Images in the records should be skipped while the rest is transcribed verbatim.

*** Opening of Dataset records ***

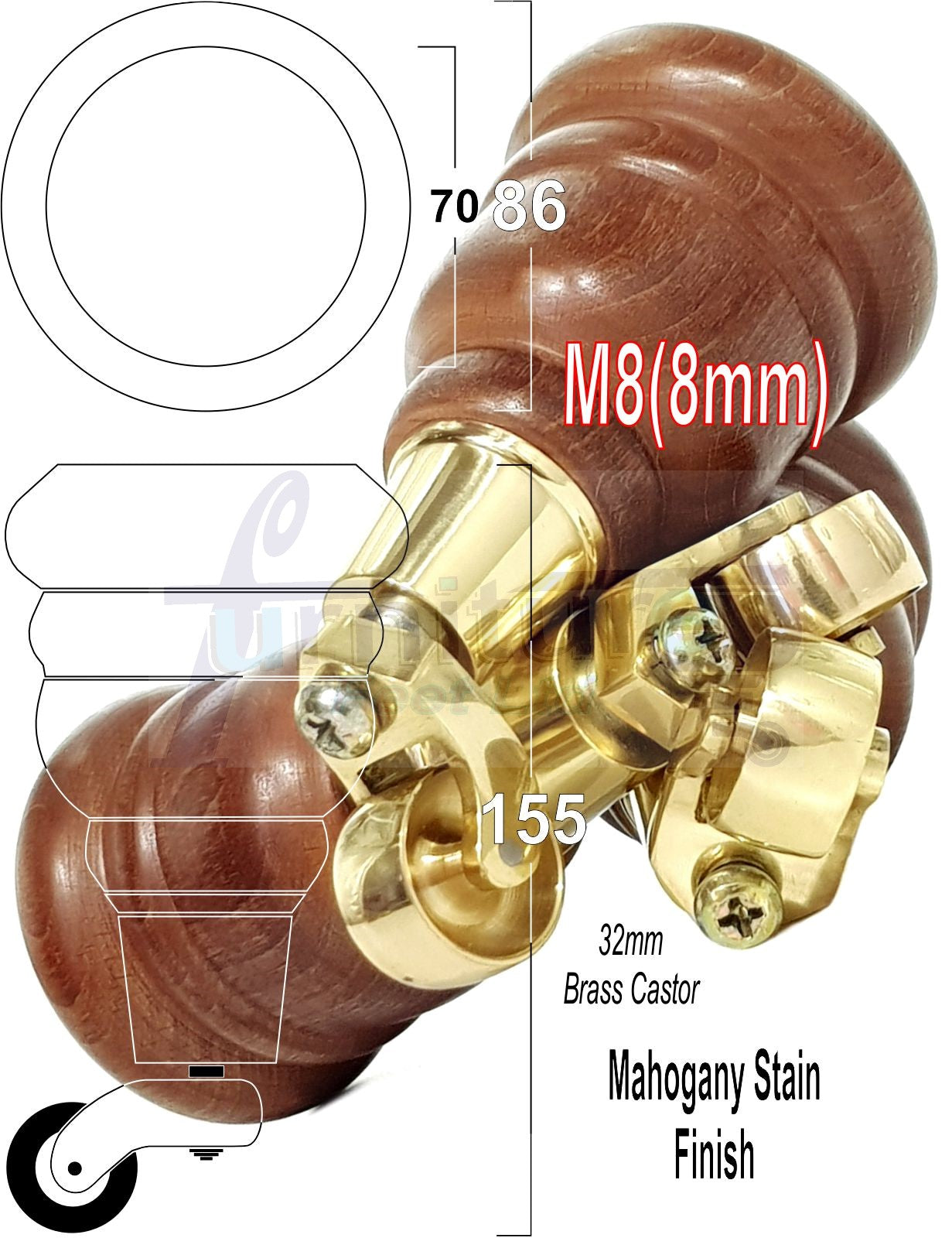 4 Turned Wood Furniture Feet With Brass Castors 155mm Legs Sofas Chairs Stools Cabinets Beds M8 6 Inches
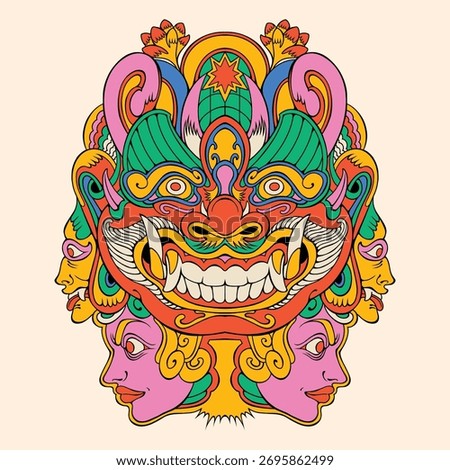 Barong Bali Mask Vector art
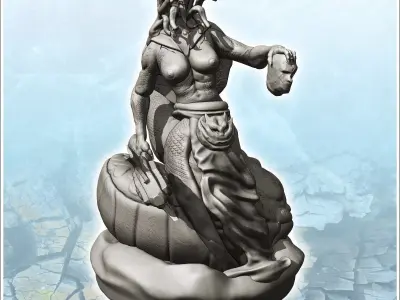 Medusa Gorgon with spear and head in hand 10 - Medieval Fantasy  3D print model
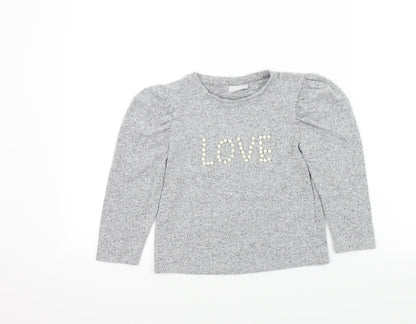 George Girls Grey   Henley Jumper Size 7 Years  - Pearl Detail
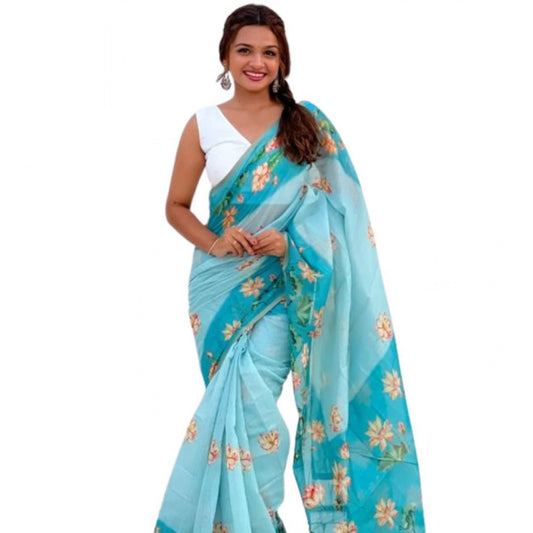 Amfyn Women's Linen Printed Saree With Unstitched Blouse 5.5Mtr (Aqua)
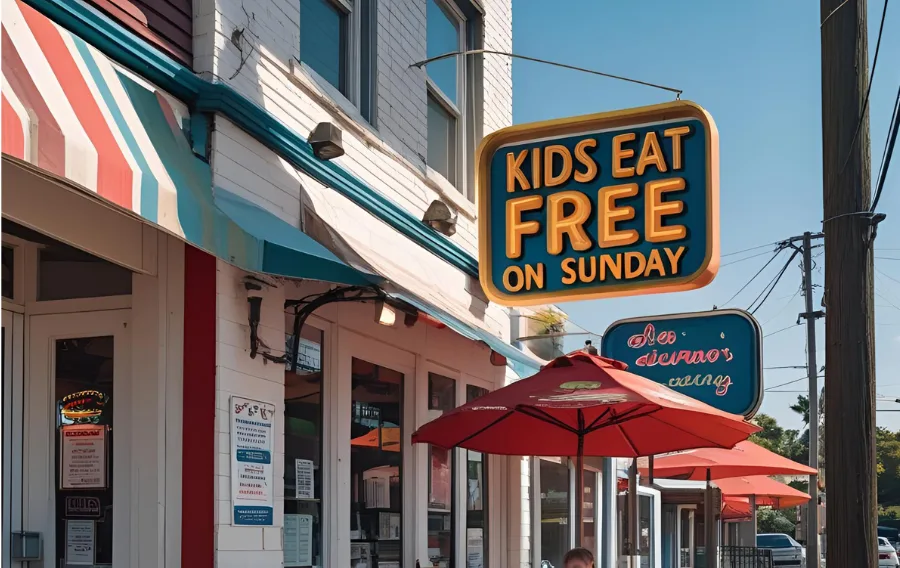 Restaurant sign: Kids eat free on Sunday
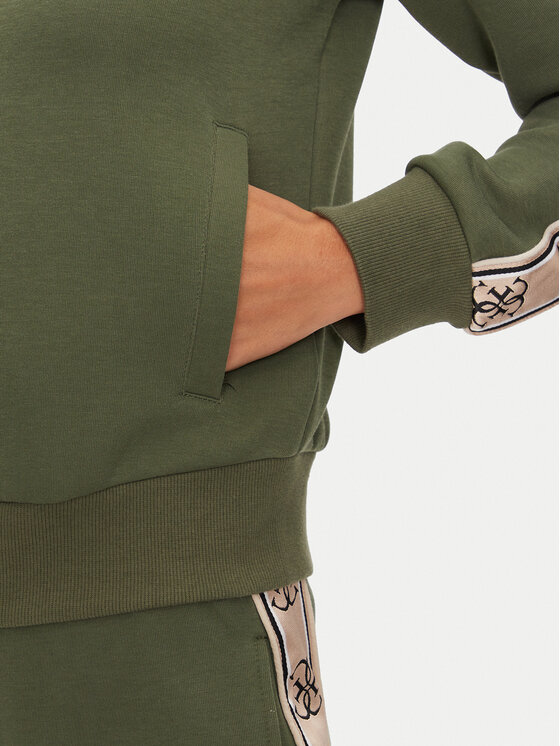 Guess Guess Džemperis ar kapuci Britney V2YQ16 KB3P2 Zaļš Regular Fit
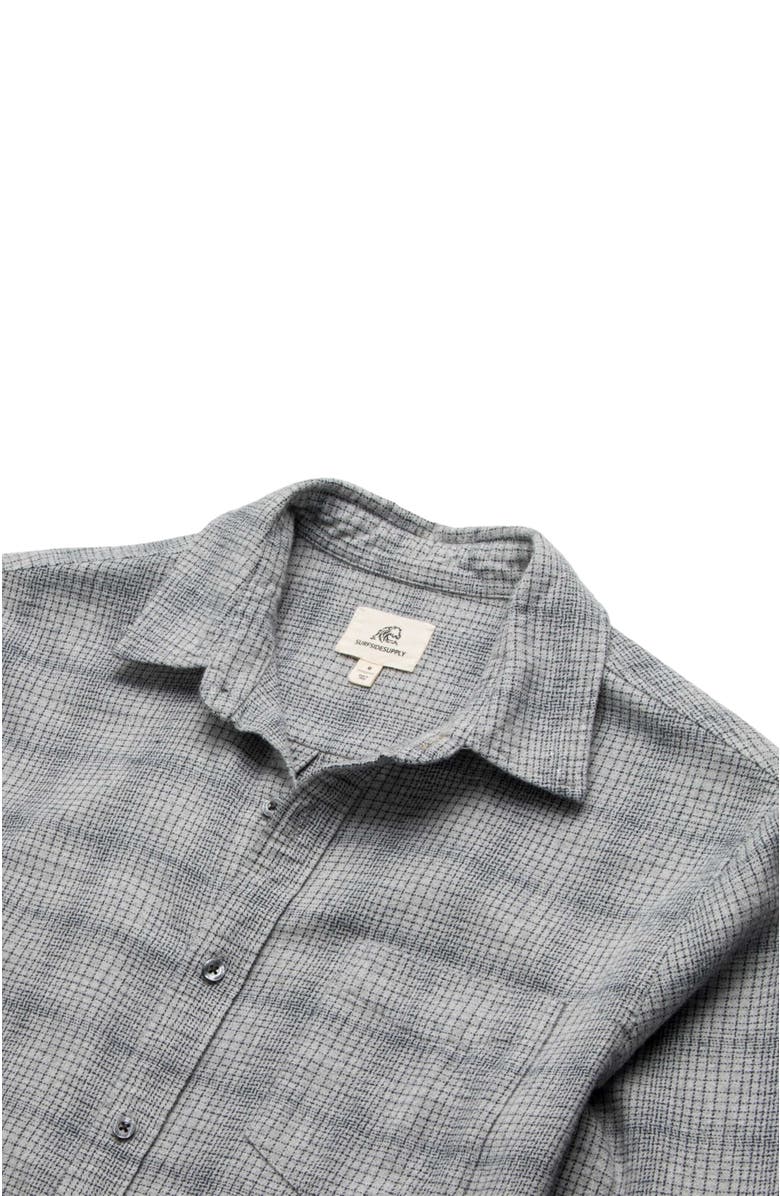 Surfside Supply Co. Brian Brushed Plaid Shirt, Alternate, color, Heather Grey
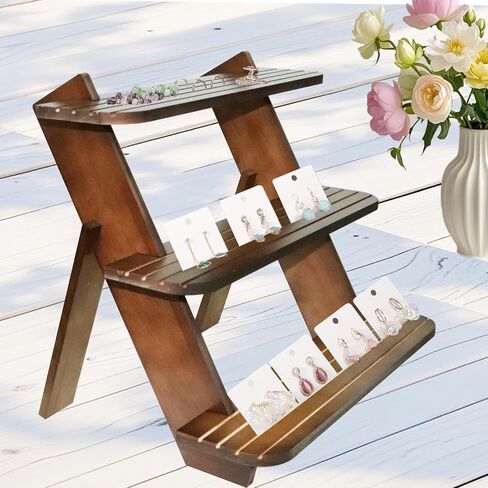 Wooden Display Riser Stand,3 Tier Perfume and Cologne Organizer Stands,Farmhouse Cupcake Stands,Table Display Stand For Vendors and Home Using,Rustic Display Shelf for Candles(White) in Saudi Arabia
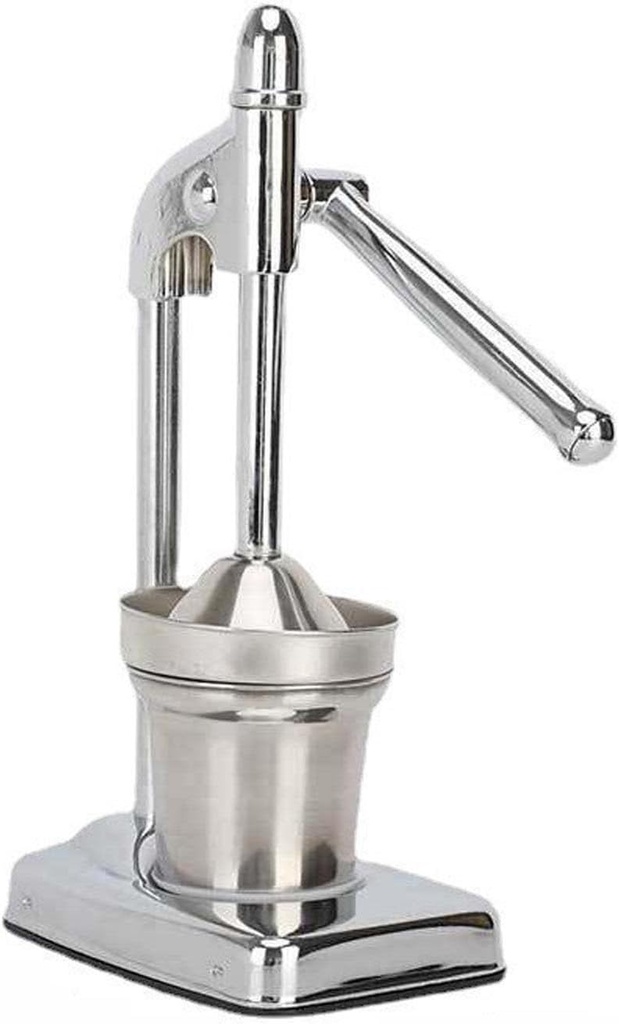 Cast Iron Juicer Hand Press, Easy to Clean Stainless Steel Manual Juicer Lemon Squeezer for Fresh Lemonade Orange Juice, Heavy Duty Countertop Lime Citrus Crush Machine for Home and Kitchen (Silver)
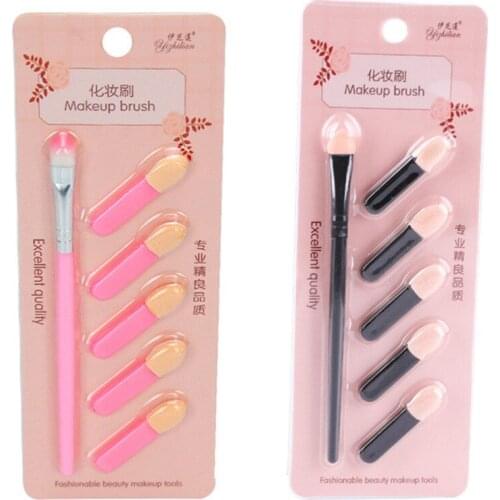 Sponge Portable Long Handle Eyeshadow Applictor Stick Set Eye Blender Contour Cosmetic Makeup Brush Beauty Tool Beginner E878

*** Close of Dataset records ***

#### [Solution for this exercise]
 4 Turned Wood Furniture Feet With Brass Castors 155mm Legs Sofas Chairs Stools Cabinets Beds M8 6 Inches
 Barong Bali Mask Vector art
 Medusa Gorgon with spear and head in hand 10 - Medieval Fantasy  3D print model
 George Girls Grey   Henley Jumper Size 7 Years  - Pearl Detail
 Amfyn Women's Linen Printed Saree With Unstitched Blouse 5.5Mtr (Aqua)
 Restaurant sign: Kids eat free on Sunday
 Guess Guess Džemperis ar kapuci Britney V2YQ16 KB3P2 Zaļš Regular Fit
 Surfside Supply Co. Brian Brushed Plaid Shirt, Alternate, color, Heather Grey
 Wooden Display Riser Stand,3 Tier Perfume and Cologne Organizer Stands,Farmhouse Cupcake Stands,Table Display Stand For Vendors and Home Using,Rustic Display Shelf for Candles(White) in Saudi Arabia
 Cast Iron Juicer Hand Press, Easy to Clean Stainless Steel Manual Juicer Lemon Squeezer for Fresh Lemonade Orange Juice, Heavy Duty Countertop Lime Citrus Crush Machine for Home and Kitchen (Silver)
 Sponge Portable Long Handle Eyeshadow Applictor Stick Set Eye Blender Contour Cosmetic Makeup Brush Beauty Tool Beginner E878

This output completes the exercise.